It’s been a while since a blog post! Being the mom of two boys, it’s been difficult finding clothes that aren’t covered in construction trucks, puppies, or sports paraphenalia. Not that there is anything wrong with trucks, puppies, or sports, but when it’s on EVERYTHING and your kid wants something different, it does make shopping difficult. To acquiese to my boys’ need for “cool” shirts, I looked up ways to easily spruce up a simple plain t-shirt. I settled on felt appliques done with iron on transfers, and it seemed the easiest for me, plus it conformed with the boys’ desire for “cool shirt designs”. I started with some simple shapes and did two Star Wars themed shirts (Darth Vader and Yoda) which came out great.
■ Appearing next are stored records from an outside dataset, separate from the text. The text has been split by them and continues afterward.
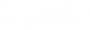 Ziptile(1)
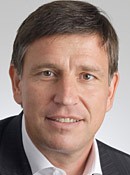 Personalie: Avista Oil beruft neuen Vorstandschef Personalie: Avista Oil beruft neuen Vorstandschef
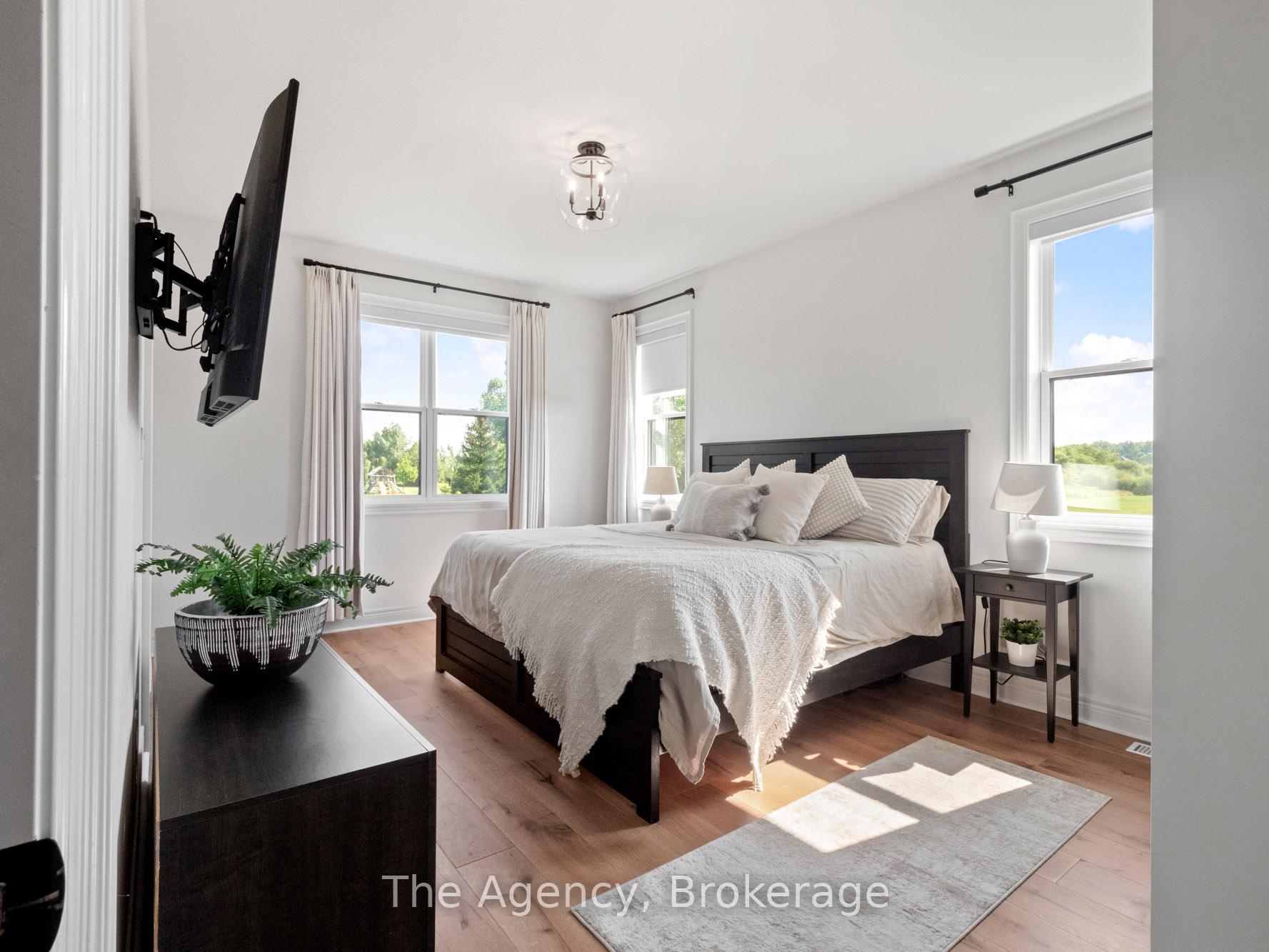 Photo 18 of 51075 Deeks Road S, Wainfleet, Marshville/Winger — HOMEH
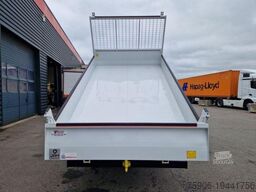 Iveco Daily 35C16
Here’s the step by step process I used!
My oldest gave approval of this Darth Vader shirt.
I made a Star Wars Yoda shirt for my youngest.
Here is the walk-thru for how I made a Lego Ninjago shirt for my kids. I googled online for a picture, something with simple lines and shapes that could easily be cut apart. This is for the character of Sensei Wu.
I cut apart the paper image into pieces, usually by the different colors I would use on the final product.
I cut out the felt pieces and rearrange to see what it would look like altogether.
I pinned all the cut pieces to the shirt I wanted to use to see how it would look.
I was going to applique the pieces on the shirt afterwards, so i used Heat n Bond Lite to adhere the felt pieces onto my fabric. For those of you who don’t want to sew, I would suggest using either Heat N Bond (regular strength), or Wonder Under.
I glued the felt pieces of Sensei Wu together, then put it on the plasticky side of the Heat N Bond transfer paper.
Turn over the Heat N Bond transfer paper to the paper side, and iron it for about 30 seconds. There are directions on the transfer paper as well. Do NOT over iron! you will have a sticky mess everywhere.
Then, peel the backing away from your picture. Now the back of your piece (in this case, Sensei Wu) should be shiny. If not, iron it a little more.
Here’s the backside of Sensei Wu with all the backing pulled off. You can see I embroidered some details on the front.
Then, I put Sensei Wu onto my shirt of choice, and ironed it on for as long as the directed stated (I think another 30 seconds), and you’re done! For added strength, I would also stitch around the edge of the applique to make sure it stays put through washes and play.
The finished products! Sensei Wu and Kai, the Spinjitsu master.
They also asked for dragon shirts.
This one is my favorite, but oh my goodness, SO MANY CUTS. I’ll never pick another pictures with so many scales again.